- Del Rio Location within Florida Del Rio Location within the United States
- Coordinates: 28°00′33″N 82°23′59″W﻿ / ﻿28.00917°N 82.39972°W
- Country: United States
- State: Florida
- County: Hillsborough
- Elevation: 46 ft (14 m)
- Time zone: UTC-5 (Eastern (EST))
- • Summer (DST): UTC-4 (EDT)
- ZIP codes: 33617
- Area code: 813
- GNIS feature ID: 1867134

= Del Rio, Florida =

Del Rio is an unincorporated, urban community in Hillsborough County, Florida, United States. It lies between Tampa and Temple Terrace, near the Hillsborough River.

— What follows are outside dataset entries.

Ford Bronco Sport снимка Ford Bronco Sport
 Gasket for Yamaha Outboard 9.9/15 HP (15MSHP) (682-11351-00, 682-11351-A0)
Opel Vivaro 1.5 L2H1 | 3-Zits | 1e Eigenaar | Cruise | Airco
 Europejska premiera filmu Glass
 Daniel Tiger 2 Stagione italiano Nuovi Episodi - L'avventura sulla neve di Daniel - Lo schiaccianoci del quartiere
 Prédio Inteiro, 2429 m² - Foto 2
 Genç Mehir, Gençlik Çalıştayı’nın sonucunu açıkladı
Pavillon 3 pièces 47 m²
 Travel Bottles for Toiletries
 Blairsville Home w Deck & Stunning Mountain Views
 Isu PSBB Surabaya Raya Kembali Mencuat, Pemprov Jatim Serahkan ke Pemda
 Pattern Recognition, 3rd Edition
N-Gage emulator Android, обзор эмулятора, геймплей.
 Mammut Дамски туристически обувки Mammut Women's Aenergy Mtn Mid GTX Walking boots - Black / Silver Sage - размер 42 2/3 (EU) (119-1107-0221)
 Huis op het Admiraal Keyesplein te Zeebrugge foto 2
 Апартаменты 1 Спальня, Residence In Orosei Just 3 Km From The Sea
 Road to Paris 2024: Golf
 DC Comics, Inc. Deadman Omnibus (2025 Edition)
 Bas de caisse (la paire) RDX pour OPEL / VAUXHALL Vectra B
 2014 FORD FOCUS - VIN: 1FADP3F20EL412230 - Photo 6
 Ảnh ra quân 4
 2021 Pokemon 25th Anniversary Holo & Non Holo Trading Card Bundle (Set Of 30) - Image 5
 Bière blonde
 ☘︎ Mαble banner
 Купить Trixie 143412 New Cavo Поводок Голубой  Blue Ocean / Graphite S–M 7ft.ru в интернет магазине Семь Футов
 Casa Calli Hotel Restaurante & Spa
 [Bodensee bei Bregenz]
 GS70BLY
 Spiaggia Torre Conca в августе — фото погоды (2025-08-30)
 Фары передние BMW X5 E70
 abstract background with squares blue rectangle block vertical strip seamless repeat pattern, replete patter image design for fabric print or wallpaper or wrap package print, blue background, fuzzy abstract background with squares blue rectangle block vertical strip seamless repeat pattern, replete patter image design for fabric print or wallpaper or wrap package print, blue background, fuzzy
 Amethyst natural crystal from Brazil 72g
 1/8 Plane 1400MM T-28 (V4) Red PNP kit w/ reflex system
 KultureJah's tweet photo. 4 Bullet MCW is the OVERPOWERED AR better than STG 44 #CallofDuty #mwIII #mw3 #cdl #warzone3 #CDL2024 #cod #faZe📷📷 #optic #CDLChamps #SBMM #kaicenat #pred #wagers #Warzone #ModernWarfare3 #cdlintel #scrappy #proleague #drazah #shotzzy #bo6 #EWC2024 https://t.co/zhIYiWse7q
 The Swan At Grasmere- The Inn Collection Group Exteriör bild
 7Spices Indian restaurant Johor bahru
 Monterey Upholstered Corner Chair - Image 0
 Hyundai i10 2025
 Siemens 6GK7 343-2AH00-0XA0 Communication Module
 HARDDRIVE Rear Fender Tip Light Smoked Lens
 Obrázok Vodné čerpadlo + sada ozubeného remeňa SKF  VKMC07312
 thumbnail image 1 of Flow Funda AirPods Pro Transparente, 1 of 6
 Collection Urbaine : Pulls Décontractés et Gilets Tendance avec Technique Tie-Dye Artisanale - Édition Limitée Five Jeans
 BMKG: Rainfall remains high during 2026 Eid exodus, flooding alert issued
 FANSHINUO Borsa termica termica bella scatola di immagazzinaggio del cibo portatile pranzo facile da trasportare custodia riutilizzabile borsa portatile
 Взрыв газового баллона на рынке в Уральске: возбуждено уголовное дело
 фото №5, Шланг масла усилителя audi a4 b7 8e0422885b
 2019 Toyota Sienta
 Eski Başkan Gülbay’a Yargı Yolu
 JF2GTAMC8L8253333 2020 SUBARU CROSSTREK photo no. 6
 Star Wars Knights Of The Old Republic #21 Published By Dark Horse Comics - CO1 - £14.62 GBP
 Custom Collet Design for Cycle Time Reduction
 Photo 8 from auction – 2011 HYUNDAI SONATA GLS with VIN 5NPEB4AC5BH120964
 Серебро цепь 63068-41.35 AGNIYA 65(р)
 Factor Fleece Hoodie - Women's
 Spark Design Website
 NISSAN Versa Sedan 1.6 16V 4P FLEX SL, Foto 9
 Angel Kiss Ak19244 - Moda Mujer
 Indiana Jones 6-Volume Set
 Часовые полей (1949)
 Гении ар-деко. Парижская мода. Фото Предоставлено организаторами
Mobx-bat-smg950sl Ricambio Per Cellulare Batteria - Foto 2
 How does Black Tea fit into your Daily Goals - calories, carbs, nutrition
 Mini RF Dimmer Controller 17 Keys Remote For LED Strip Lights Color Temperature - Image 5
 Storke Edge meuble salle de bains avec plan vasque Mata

The community is known as "The Fishbowl" to locals because many streets in the area are named for fish. Del Rio is included within the East Lake-Orient Park census-designated place.

==Description==

Tampa bounds Del Rio to the west, the Hillsborough River to the north, U.S. Route 92 to the south, and 56th Street (SR 583) to the east. The 40th Street Bridge on County Road 585A travels over the Hillsborough River in Del Rio.

Historical population
| Census | Pop. | Note | %± |
| 1980 | 7,409 |  | — |
| 1990 | 8,248 |  | 11.3% |
source:

==History==
Del Rio was a purpose-built community created in the 1950s and 1960s as one of the suburbs of Tampa. The community multiplied during the 1960s and 1970s. Its peak population according to the Census was 8,248 in 1990. It is a part of the Northeast Community.